CoEval: Ensemble-Based Self-Evaluation for LLMs

📄 Read the CoEval paper online · Download the Word version

📄 Published Paper

CoEval: Ranking Language Models for Custom Tasks Without Labeled Data or Trustworthy Benchmarks — read it online (HTML with rendered math) or download the Word version.

Alexander Apartsin (Holon Institute of Technology) · Yehudit Aperstein (Afeka Tel Aviv Academic College of Engineering)

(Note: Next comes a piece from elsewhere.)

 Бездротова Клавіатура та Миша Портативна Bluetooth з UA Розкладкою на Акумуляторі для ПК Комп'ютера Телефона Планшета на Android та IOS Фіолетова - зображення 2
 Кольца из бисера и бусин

CoEval ranks models for a custom task or domain in the hardest setting: when no task-specific labeled data exists and public benchmarks cannot be trusted because their items have likely leaked into pretraining. From only a task description, a teacher model synthesizes a fresh, contamination-free benchmark and a cross-family judge ensemble ranks the candidates, with no human labels or raters.

Result	Evidence
Recovers the true model ranking with no labeled data	Spearman ρ = 0.86 vs ground-truth correctness, 95% CI [0.77, 0.94]
Doubly-robust ranking recovers the true ordering and resists rogue judges	reliability and discrimination weighting lift rank-recovery to Spearman 0.95 across 13 models; an injected random judge receives weight 0.00
Rankings are domain-specific, so a generic leaderboard misleads	three different models top four CoEval-generated domains; the pooled-best model is domain-best in only 1 of 4
Cancels a verbosity bias no single judge avoids	ensemble r = +0.010 (CI spans zero), a 93% reduction
Composition over size: panel diversity, not panel size, drives reliability	ICC(3,k) peaks at two well-chosen judges, falls as low-agreement judges are added
Structurally precludes same-family self-preference	vendor-disjoint panel; aggregation shifts every score ≤ 0.015
Contamination-free generated items	0.0000 verbatim 13-gram overlap with five major public benchmarks
Inexpensive enough to re-run per model release	7,978 evaluations for USD 5.89, fully automated

🚨 The Challenge

Evaluating and selecting off-the-shelf or fine-tuned models for a specific use case is difficult.

Choosing the right LLM means navigating a minefield of hidden pitfalls:

	Challenge	Why It Hurts
🎯	Generic benchmarks don't transfer	Public data and metrics often miss the nuances of your real-world requirements.
🧩	Custom benchmarks are hard to design	Defining representative tasks, building rubrics, and choosing robustness variations is non-trivial.
💸	Multi-model multi-task benchmarks are expensive to execute	Running every candidate model across every task and rubric quickly multiplies cost and compute.
🕳️	Leakage biases results	Public and private benchmark items (or near-duplicates) may lurk in training data, inflating scores via memorization.
⚙️	Ops and cost are complex	Running evaluations across providers, inference modes, and scoring criteria demands careful orchestration.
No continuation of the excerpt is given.